Aim of the task:
Write out again only the lines that run from the start of the entries to the line containing "De omwenteling - Suzanna Jansen", both included.

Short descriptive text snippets
=======

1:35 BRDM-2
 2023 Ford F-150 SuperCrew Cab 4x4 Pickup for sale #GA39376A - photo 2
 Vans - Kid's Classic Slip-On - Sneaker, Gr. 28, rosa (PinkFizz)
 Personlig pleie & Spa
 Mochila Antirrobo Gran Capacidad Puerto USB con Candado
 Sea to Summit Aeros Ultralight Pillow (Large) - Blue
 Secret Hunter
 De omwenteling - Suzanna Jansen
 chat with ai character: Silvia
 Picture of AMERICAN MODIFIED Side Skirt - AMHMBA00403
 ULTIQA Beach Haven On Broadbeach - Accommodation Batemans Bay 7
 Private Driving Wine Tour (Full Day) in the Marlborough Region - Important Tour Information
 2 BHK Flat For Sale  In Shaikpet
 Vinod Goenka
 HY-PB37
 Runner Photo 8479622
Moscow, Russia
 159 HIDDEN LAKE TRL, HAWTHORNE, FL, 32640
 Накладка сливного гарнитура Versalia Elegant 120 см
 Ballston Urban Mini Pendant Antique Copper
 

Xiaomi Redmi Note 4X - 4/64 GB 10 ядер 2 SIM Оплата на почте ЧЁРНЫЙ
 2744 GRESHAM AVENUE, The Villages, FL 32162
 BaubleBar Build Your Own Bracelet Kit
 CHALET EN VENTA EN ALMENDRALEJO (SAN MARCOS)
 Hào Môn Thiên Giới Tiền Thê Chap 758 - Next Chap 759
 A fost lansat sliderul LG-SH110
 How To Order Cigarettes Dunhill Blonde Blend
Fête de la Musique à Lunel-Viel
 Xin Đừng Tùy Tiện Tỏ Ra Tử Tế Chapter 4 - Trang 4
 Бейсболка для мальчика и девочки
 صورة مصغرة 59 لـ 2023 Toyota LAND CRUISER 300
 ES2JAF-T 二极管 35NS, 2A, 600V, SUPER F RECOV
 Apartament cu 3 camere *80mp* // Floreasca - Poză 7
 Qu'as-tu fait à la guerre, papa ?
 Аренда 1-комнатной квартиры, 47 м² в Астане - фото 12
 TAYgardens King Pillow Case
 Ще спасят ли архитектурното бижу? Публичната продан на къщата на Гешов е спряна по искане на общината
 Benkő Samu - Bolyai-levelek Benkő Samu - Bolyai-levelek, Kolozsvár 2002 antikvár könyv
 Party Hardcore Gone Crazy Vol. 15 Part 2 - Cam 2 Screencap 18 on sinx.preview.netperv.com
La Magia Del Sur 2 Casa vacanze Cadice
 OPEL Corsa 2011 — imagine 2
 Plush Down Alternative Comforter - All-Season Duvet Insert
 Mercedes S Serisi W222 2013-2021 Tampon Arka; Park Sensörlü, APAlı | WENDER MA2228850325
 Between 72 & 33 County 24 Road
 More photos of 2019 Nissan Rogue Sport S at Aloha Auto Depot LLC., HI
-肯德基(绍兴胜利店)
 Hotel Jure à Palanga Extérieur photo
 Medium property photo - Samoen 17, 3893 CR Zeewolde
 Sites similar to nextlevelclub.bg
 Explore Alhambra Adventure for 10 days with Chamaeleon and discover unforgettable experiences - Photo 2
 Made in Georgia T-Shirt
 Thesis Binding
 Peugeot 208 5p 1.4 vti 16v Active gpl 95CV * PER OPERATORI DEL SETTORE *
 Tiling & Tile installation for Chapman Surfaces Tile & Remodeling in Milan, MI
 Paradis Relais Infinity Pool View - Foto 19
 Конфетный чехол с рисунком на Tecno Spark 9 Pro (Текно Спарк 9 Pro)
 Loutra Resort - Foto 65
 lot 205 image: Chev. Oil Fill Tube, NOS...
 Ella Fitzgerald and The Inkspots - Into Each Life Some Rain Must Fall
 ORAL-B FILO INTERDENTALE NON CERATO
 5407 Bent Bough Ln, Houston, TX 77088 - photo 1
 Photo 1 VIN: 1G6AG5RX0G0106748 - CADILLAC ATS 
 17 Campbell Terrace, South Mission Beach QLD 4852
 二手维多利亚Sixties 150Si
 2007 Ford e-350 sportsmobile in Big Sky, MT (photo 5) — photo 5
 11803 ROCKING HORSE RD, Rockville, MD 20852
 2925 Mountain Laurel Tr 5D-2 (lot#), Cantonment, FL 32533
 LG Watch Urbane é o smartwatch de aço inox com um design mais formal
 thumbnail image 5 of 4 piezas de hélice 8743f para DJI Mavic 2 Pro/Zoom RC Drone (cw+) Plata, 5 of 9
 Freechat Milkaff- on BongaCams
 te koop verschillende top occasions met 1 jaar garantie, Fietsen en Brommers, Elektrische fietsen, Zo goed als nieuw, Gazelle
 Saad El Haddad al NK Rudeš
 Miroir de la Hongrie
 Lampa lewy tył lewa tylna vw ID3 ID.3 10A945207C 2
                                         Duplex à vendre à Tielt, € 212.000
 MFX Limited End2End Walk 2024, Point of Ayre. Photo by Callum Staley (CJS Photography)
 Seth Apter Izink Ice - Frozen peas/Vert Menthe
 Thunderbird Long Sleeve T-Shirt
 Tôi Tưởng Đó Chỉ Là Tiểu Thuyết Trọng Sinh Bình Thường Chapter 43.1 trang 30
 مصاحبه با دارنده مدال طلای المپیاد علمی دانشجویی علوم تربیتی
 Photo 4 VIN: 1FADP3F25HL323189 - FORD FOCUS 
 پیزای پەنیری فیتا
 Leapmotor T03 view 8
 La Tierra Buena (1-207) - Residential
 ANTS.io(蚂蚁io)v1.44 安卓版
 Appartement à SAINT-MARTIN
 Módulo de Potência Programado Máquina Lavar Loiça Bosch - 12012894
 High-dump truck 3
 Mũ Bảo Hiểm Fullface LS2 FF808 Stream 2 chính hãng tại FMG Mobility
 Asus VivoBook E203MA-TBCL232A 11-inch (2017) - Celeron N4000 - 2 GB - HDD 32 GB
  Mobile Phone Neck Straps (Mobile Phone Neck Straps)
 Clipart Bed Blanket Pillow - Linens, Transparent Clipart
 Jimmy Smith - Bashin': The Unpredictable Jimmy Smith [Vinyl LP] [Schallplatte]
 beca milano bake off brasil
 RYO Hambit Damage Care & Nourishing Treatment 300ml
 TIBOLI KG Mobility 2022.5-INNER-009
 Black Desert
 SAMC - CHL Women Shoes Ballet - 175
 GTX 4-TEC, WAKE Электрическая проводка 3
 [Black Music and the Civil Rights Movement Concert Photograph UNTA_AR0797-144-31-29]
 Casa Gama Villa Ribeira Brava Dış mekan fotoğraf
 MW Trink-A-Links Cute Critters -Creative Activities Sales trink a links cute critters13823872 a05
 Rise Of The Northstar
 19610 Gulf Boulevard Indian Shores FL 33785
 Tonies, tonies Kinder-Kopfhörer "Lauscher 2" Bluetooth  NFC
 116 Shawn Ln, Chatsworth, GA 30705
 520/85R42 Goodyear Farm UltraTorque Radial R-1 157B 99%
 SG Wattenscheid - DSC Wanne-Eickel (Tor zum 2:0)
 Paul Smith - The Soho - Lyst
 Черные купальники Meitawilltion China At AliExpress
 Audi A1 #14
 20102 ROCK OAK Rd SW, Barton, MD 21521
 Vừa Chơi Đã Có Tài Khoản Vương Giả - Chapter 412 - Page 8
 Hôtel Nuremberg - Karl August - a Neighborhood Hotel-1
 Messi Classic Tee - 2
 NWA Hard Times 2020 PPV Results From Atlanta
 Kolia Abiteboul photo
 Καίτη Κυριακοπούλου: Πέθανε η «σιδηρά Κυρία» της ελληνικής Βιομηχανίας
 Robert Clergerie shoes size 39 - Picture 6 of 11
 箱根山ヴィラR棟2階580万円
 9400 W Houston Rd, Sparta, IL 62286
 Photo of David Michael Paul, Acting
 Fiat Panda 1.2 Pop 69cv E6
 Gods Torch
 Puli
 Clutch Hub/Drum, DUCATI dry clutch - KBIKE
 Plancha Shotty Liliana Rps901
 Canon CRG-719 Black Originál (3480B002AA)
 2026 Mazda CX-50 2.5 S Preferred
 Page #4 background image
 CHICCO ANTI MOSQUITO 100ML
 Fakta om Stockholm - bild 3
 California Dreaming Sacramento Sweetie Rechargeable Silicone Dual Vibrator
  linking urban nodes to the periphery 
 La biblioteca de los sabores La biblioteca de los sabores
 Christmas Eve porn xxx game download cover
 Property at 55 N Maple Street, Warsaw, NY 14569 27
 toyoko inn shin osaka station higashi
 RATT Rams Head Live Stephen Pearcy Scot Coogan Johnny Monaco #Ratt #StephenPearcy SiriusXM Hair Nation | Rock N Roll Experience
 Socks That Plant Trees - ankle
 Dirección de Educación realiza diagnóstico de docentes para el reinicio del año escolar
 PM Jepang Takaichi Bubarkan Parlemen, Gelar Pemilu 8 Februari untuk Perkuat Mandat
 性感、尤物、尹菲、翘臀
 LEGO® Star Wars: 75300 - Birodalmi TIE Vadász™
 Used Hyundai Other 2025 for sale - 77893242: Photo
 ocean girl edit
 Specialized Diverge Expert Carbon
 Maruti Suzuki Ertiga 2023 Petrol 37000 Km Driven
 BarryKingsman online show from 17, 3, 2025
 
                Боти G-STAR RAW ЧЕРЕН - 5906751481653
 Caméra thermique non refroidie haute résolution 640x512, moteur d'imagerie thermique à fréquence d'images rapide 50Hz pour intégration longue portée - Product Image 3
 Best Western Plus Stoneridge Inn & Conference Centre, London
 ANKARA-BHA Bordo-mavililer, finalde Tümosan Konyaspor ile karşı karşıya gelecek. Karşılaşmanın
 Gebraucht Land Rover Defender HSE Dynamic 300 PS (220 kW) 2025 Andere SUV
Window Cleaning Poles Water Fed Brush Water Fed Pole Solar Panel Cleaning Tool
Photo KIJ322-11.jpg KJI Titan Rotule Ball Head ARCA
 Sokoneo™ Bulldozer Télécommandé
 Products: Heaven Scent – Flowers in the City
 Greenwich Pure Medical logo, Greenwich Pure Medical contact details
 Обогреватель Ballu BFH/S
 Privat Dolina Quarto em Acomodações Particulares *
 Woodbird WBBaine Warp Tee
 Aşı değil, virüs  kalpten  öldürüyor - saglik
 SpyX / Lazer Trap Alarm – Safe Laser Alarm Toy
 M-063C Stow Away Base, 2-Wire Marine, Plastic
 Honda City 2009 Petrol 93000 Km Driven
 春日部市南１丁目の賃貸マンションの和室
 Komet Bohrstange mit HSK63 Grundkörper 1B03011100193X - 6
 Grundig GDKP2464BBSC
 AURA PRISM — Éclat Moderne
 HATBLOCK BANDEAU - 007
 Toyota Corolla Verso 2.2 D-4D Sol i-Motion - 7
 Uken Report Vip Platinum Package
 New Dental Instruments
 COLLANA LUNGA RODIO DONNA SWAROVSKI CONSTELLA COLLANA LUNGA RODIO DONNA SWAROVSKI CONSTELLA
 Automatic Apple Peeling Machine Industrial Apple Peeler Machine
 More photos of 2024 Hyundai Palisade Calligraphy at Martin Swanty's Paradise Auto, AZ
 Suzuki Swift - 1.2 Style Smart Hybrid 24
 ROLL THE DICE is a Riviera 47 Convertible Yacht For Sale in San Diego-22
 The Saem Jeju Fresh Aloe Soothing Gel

=======

Response to the exercise:
1:35 BRDM-2
 2023 Ford F-150 SuperCrew Cab 4x4 Pickup for sale #GA39376A - photo 2
 Vans - Kid's Classic Slip-On - Sneaker, Gr. 28, rosa (PinkFizz)
 Personlig pleie & Spa
 Mochila Antirrobo Gran Capacidad Puerto USB con Candado
 Sea to Summit Aeros Ultralight Pillow (Large) - Blue
 Secret Hunter
 De omwenteling - Suzanna Jansen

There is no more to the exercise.